When looking back on the turmoil over the filming of the Hobbit movies, the disappointing thing for me is how undramatic it has all been. The Germans would have made more of a fuss. The Americans would have been yelling at each other from across the barricades. The Greeks would have been throwing stones and filling the streets with trucks, even if truck drivers weren't involved in the dispute.
But if New Zealanders really want their protests to be taken seriously, they could learn a thing or two from the French. President Nicolas Sarkozy has all but pushed through pension reforms designed to raise the minimum retirement age from 60 to 62 and the age for a full pension from 65 to 67, but protesters have made sure he knows just how unpopular his plans are, causing chaos at major transport hubs, cutting the flow of fuel to service stations, even overturning and setting fire to the odd car.
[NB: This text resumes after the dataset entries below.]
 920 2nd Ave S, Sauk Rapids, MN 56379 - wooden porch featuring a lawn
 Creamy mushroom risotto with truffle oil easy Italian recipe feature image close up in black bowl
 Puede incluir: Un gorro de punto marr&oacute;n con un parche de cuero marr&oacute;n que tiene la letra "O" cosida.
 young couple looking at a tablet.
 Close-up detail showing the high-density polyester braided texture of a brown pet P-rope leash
In New Zealand the average protester would go down to the car wrecker's, put a down payment on a rusted-out heap of trash and then apply for a fire permit before thinking of doing such a thing.
Now, I'm not promoting wanton acts of vandalism, but it must be said a few wanton acts of vandalism make for great TV. I'm sure even in Middle-earth, as idyllic as it seems on the big screen, that they had ways of sorting out these disputes that involved overturning horse-drawn carts and setting them on fire. Bilbo Baggins may look like a cute little character but I bet he'd be on the frontline of any fight for Hobbits' rights.
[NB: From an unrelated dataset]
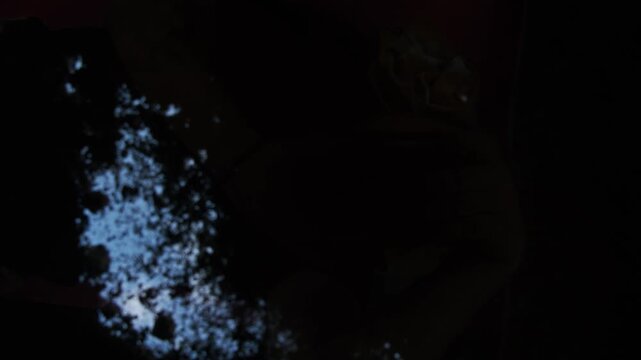 In a freshly dug grave, the gravedigger, or murderer, uses a shovel to fill in the earth, burying the dead man. Low angle. POV. Slow motion.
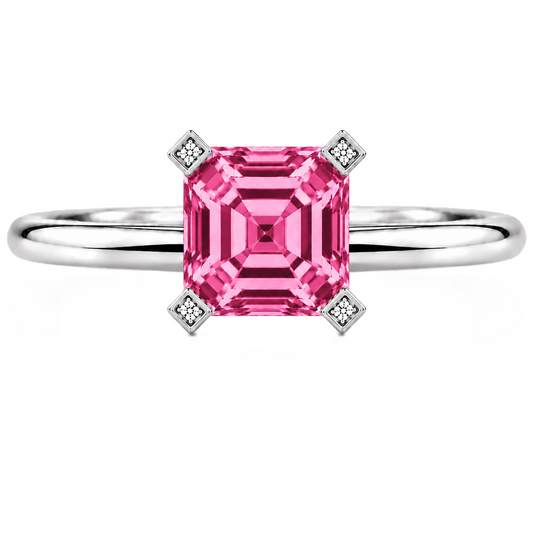 Romantic pink sapphire engagement ring with a 6 mm asscher-cut center stone, crafted in white gold plated 925 silver. Available now at BSI Jewelry.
But in New Zealand, our top actor-activists, after calling for a union-negotiated agreement, collapsed in a death scene that seemed to be over within minutes. When you consider Sir Peter Jackson needs nine hours to tell a story, you would have hoped industrial action relating to his movies would have dragged on a bit longer than that.
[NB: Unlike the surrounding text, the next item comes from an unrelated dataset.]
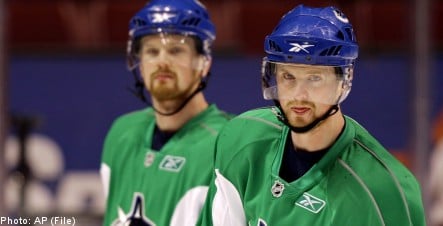 Sedin brothers ink deal to remain in Vancouver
Then, thousands took to the street to show just how important these movies are to our country. To the guys who held up the banners saying you will work for free, Warner Bros might not be interested but Nike and Apple may end up sending more work our way.
And while supporters of the movie seemed happy to change the name of our country to Middle-earth, Prime Minister John Key was only prepared to change our laws to keep Warner Bros happy. At least I suppose Key won't have to appear on the Dave Letterman Show again to remind the world where New Zealand is.
It's hard to think where else in the world this might have happened. Not France, which has built its society on the motto of brotherhood that has its origins in the French Revolution: Liberté, égalité, créme brulée.
The French are brought up on the tales of strikes and protests. There were the strikes of May 1968 which brought the economy to a virtual standstill, the riots of November 2005, triggered by the deaths of two teenagers in a poor Paris suburb, and then there was the lesser known kindergarten sit-in of 1998, when 3- and 4-year-olds refused to lie down at naptime because they were given apple juice at morning tea and they didn't want apple juice. They wanted orange juice.
The French strikes have definitely been helped by the involvement of slim, stylish female protesters who appeared to have taken time out from Paris Fashion Week. There's nothing quite like seeing a size 0 demonstrator taking on lines of battle-hardened riot police.
The union Actors' Equity had Robyn Malcolm as the face of its campaign, which in the end may not have been such a wise move. In a country where we seem ready to give up our identity so a couple of movies can be made here, it's quite possible some people thought Cheryl West was still in prison and therefore not an ideal person to be arguing for better working conditions.